5)  Amministrazione del Fondo di integrazione salariale

 

Il Fondo e’ gestito da un comitato amministratore composto da

cinque esperti designati dalle organizzazioni sindacali dei datori di

lavoro e cinque esperti designati dalle organizzazioni sindacali dei

lavoratori comparativamente piu’ rappresentative a livello nazionale

nonche’ da due rappresentanti con qualifica di dirigente,   in

rappresentanza, rispettivamente, del Ministero del lavoro e delle

politiche sociali e del Ministero dell’economia e delle finanze, in

possesso dei requisiti di onorabilita’ previsti dall’art. 38 del

decreto legislativo del 14 settembre 2015, n. 148.

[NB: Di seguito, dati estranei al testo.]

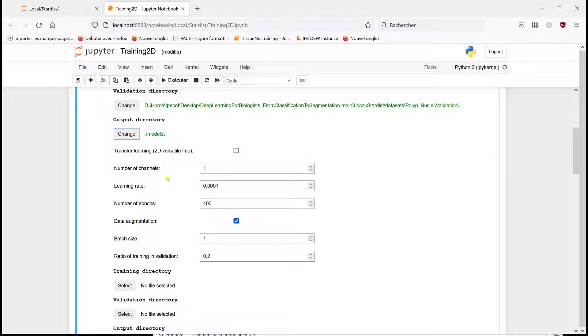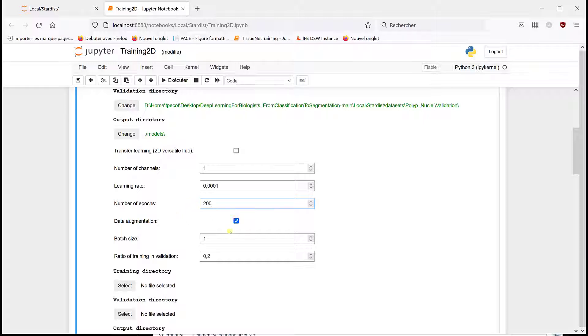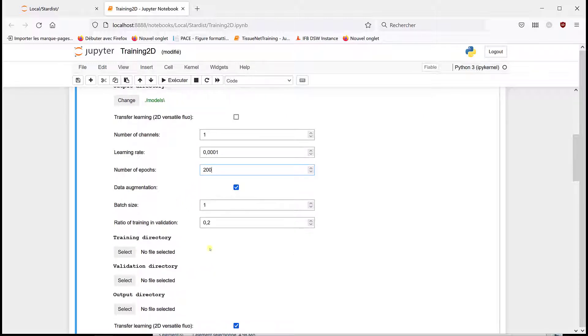We're going to do a learning rate of this value, and let's say just 200 epochs. You can choose to do data augmentation or not. We're going to do it because in that case it's a bit different.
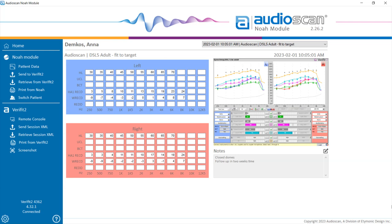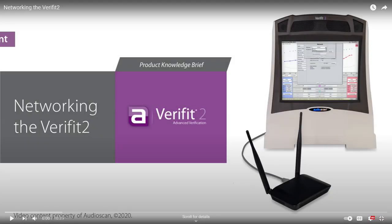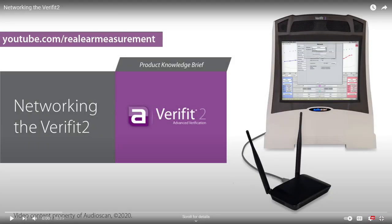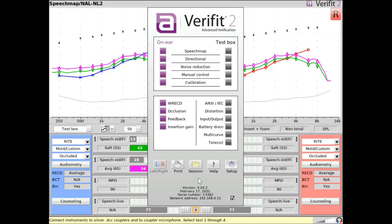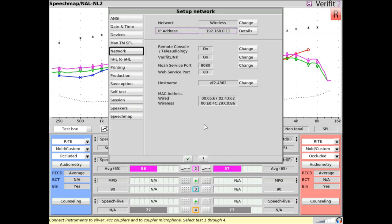Prior to using the AudioScan NOAA module, the AudioScan equipment and PC must be connected to the same network. See our product user guide or our networking video for further information. Once connected to the network, the IP address should be noted, as it is used to allow the AudioScan NOAA module to communicate with your system. This address is found on the main menu of your equipment or within the network menu within setup.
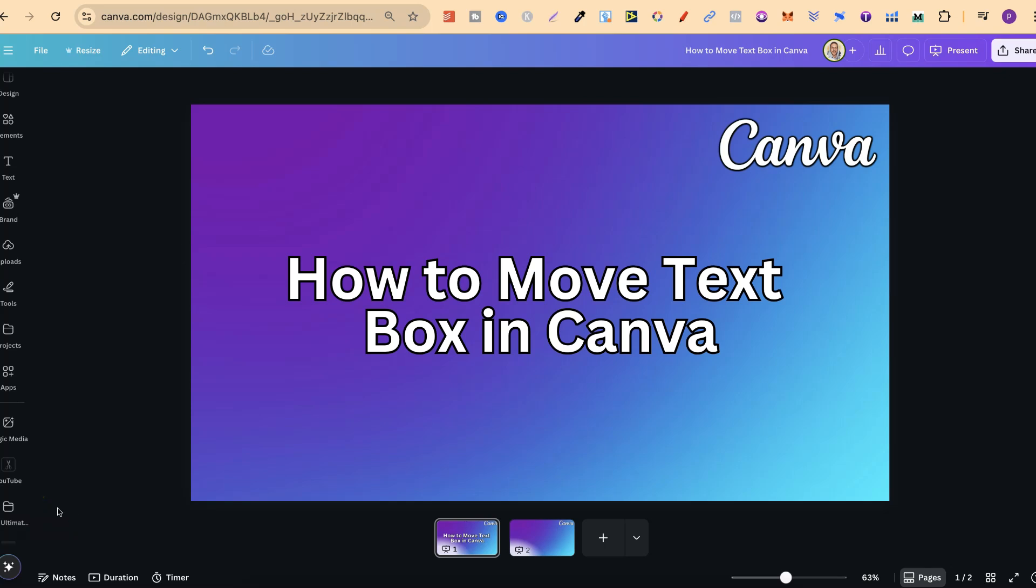In this tutorial, I'm going to show you how to move a text box here in Canva.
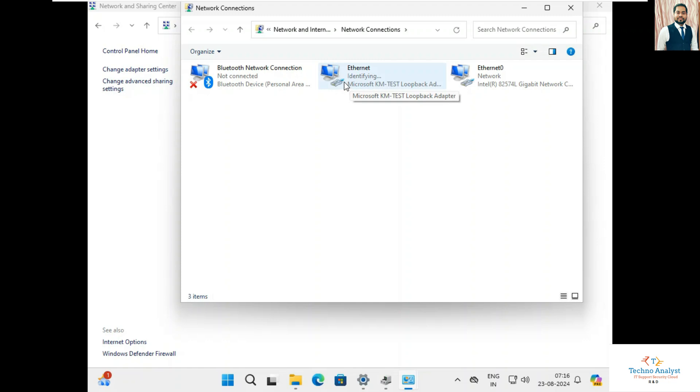So in this way you can install loopback adapter in Windows 11 system. Please subscribe to TechnoAnalyst, please don't forget.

La partecipazione al comitato amministratore e’ gratuita e non

da’ diritto ad alcun emolumento, indennita’ ne’ ad alcun rimborso

spese.

Il Comitato amministratore rimane in carica per quattro anni e,

in ogni caso, fino al giorno di insediamento del nuovo Comitato.

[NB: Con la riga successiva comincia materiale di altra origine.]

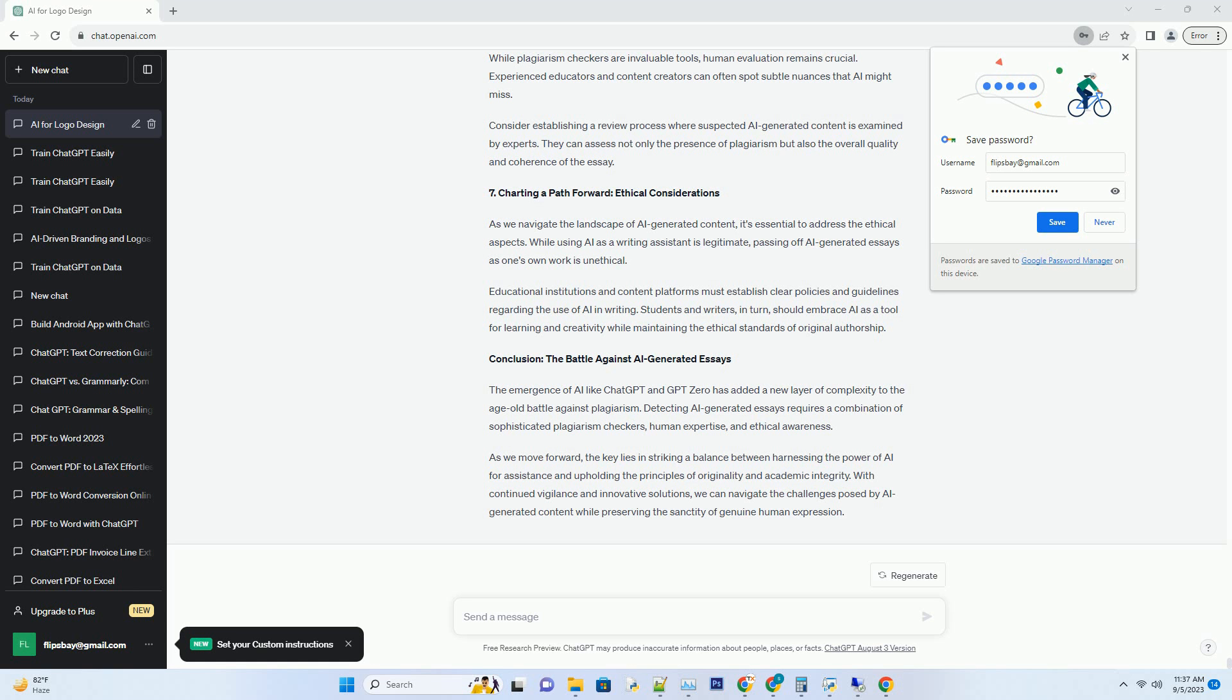As we move forward, the key lies in striking a balance between harnessing the power of AI for assistance and upholding the principles of originality and academic integrity. With continued vigilance and innovative solutions, we can navigate the challenges posed by AI-generated content while preserving the sanctity of genuine human expression.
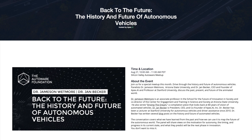Welcome one more time to our panelists. The way we have structured today's discussion with this meetup is we're going to have Jameson talk about the earlier history of autonomous driving, starting from as far back as he would like to go, all the way to the middle years around the DARPA Urban Challenge of 2004.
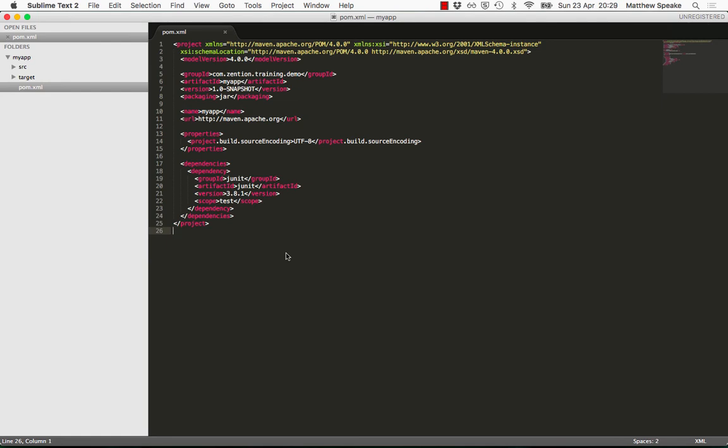group ID, artifact ID, and version, and the packaging type. This constitutes the so-called minimal pom. In other words, it's the absolute bare minimum that you need in Maven to be able to describe a project.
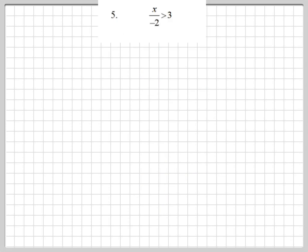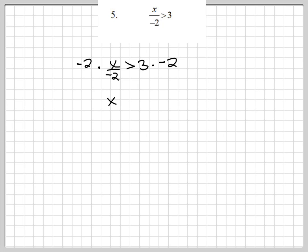Let's look at this last example. We have x divided by negative 2 is greater than 3. The first thing we need to do is multiply both sides by negative 2. When we multiply both sides by a negative number, that does activate that rule — so the greater than sign is going to become a less than sign. My final answer is x is less than negative 6.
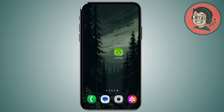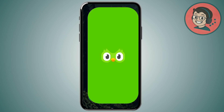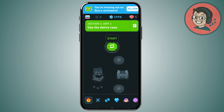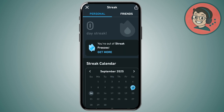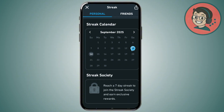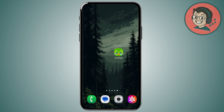There is a way that you can actually change this if it bothers you. You can just tap on the icon, then tap on your streak, and if you scroll down a bit, you will be able to see the streak society icon if you have at least a 7-day streak. If you have a 7-day streak, you can just tap and change the icon to a different one. Once you do this, you can just exit the app and the icon should change.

Ciascun componente non puo’ durare in carica per piu’ di due mandati.

Il presidente del comitato amministratore e’ eletto dal comitato

stesso tra i propri membri.

Il Comitato svolge i compiti previsti dall’art.5 del decreto in esame

 

 

7) Prestazioni del Fondo

 

Il Fondo fornisce due prestazioni ossia l’assegno di solidarieta e l’asegno ordinario ,i cui aspetti si esaminano di seguito.

 

7.A) Assegno di solidarieta’

 

Tale prestazione e’ disciplinato dall’art.6 del decreto n.94343/16 ,che dispone quanto segue:

 

 

a)Per consentire l’  assegno disolidarieta’ in favore dei lavoratori dipendenti ,i datori di lavoro stipulano con le organizzazioni sindacali comparativamente piu’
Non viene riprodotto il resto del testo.